→ Goal of the exercise:
Where in the entries below does "Home" appear? Copy every line that has it.

(Extracted records)
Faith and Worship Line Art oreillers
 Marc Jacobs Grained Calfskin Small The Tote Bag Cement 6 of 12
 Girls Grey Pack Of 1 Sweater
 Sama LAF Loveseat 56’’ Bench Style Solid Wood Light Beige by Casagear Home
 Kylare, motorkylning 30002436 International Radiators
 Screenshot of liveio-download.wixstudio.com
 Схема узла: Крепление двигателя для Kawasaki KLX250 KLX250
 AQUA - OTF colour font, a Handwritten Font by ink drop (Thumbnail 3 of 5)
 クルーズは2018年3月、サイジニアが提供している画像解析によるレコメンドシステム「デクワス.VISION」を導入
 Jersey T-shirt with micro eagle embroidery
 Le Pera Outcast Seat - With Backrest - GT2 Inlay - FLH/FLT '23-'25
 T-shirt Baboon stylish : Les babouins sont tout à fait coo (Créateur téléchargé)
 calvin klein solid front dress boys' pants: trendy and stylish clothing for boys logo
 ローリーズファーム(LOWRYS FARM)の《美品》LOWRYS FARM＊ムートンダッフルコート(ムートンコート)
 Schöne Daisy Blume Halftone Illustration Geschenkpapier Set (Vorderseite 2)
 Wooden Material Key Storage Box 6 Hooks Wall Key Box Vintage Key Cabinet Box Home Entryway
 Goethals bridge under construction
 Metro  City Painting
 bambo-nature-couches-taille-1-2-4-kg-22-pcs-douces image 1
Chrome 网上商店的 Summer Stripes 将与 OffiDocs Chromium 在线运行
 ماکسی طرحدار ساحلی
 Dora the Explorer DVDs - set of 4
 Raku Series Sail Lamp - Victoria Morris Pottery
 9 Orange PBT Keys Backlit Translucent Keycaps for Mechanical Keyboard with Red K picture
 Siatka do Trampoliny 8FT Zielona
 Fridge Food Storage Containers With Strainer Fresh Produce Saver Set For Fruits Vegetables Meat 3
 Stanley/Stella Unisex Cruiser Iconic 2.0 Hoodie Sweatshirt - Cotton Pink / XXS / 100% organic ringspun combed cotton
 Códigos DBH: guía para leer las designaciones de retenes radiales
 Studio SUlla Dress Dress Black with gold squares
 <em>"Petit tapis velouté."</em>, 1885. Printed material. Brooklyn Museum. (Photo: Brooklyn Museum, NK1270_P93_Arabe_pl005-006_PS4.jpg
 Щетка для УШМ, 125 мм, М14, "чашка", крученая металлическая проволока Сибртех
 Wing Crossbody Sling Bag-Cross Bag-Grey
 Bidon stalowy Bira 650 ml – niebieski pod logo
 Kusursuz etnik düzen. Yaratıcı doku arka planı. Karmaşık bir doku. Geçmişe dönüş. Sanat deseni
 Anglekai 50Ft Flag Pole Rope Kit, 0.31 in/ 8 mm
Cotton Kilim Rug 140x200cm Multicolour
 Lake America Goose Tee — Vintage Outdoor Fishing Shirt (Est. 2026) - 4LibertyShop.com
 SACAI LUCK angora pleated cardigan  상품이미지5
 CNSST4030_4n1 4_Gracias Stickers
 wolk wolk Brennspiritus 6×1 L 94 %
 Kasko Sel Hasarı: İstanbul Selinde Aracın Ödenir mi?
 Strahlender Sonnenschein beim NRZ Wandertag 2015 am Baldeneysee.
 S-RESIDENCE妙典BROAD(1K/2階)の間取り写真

→ Reply:
 Sama LAF Loveseat 56’’ Bench Style Solid Wood Light Beige by Casagear Home
 Wooden Material Key Storage Box 6 Hooks Wall Key Box Vintage Key Cabinet Box Home Entryway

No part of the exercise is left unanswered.